Finance Bill 2022 (official title Finance (No.2) Bill 2021-22) continues its progress through the parliamentary process and has now reached the House of Lords with all stages due to take place tomorrow 22 February.
The House of Lords does not have the power to make any amendments to the Bill as it is a ‘money bill’ and therefore these stages are a formality only. Royal Assent will take place once the stages in the House of Lords have been completed, however no date for this has been published.
Last month, HMRC published details of explanatory Notes and Tax Information and Impact Notes for government amendments and new clauses at the Bill’s Report Stage. Important amendments were made at report stage to the rules for calculation of transition profit as a result of the change to basis period. This means that the tax arising on transition profits will now be part of Step 4 of the income tax calculation which allows specific reliefs to now be deducted at Step 6. However, the transition slice is still excluded at Step 2, so is not part of net income in 2023/24.

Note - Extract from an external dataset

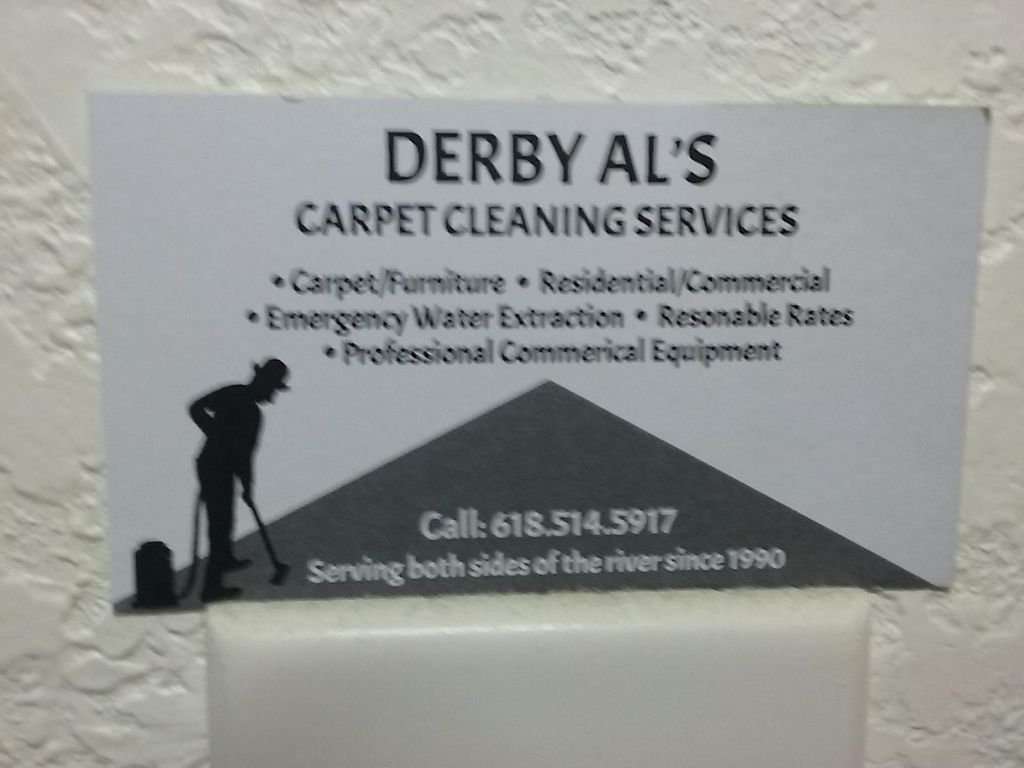 Derby Al's Carpet & Upholstery Cleaning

The Bill also now contains of a new public interest business protection tax in response to Government concerns about failing energy companies. The tax is designed to deter the monetisation of assets from critical public interest businesses. At present, the tax is scheduled to be in place for one year only but can be extended into 2025.
The tax is intended to be charged on profits which could arise where a business undertakes steps to realise a valuable asset for its own and its shareholders’ benefit, which as a result, precipitates or exacerbates the collapse of licensed gas and energy supplier businesses. It may be extended to other critical public interest businesses by future regulations.